Thankfully, the anti-LGBTQ atmosphere of X is not in alignment with the basic values of most Americans. In GLAAD’s 2023 Accelerating Acceptance report, a super-majority of 91% of non-LGBTQ Americans expressed that LGBTQ people should have the freedom to live our lives and not be discriminated against. In that same survey, 86% of respondents agree that exposure to online hate content leads to real-world violence. A 2022 report from GLAAD, UltraViolet, Women’s March, and Kairos showed that a majority of Americans report seeing online threats of violence based on race, gender or sexuality and said they also experience harm by witnessing harassment against their communities, even when the posts aren’t about them individually. All of which begs the question, just who does X imagine its product is therefore intended to serve? And which brands would find this environment a palatable one in which to advertise their products, much less to even be associated with?
On October 27, the one-year change-of-ownership anniversary, Twitter’s hateful conduct policy still includes the standard list of protected categories (“You may not attack other people on the basis of race, ethnicity, national origin, caste, sexual orientation, gender, gender identity, religious affiliation, age, disability, or serious disease.”) The policy also still claims: “We prohibit behavior that targets individuals or groups with abuse based on their perceived membership in a protected category.”
X’s CEO Linda Yaccarino claims that hate speech is under control on the platform, but, since the company changed ownership last fall and Yaccarino joined as CEO, ADL and Center for Countering Digital Hate documented more antisemitic speech, Color of Change documented more racist speech, and an audit by Center for Countering Digital Hate and HRC found that Twitter failed to act on 99% of the 100 hateful tweets reported by researchers after it had stated ‘grooming’ slurs were against its policies.
Indeed, X’s own employment practices belie any claimed commitment to enforcing their own rules.
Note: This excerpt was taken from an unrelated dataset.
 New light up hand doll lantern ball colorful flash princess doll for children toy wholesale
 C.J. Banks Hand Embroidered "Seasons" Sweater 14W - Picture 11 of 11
Due to the decimation of their Trust and Safety teams, and the ongoing behavior of X’s owner in targeting “individuals and groups with abuse based on their perceived membership in a protected category,” it’s not surprising that both users and advertisers now experience the platform as neither trustworthy nor safe.
Sarah T. Roberts is a UCLA Associate Professor of Information Studies who specializes in social media content moderation. She is an expert in the areas of internet culture, social media, digital labor, and the intersections of media and technology.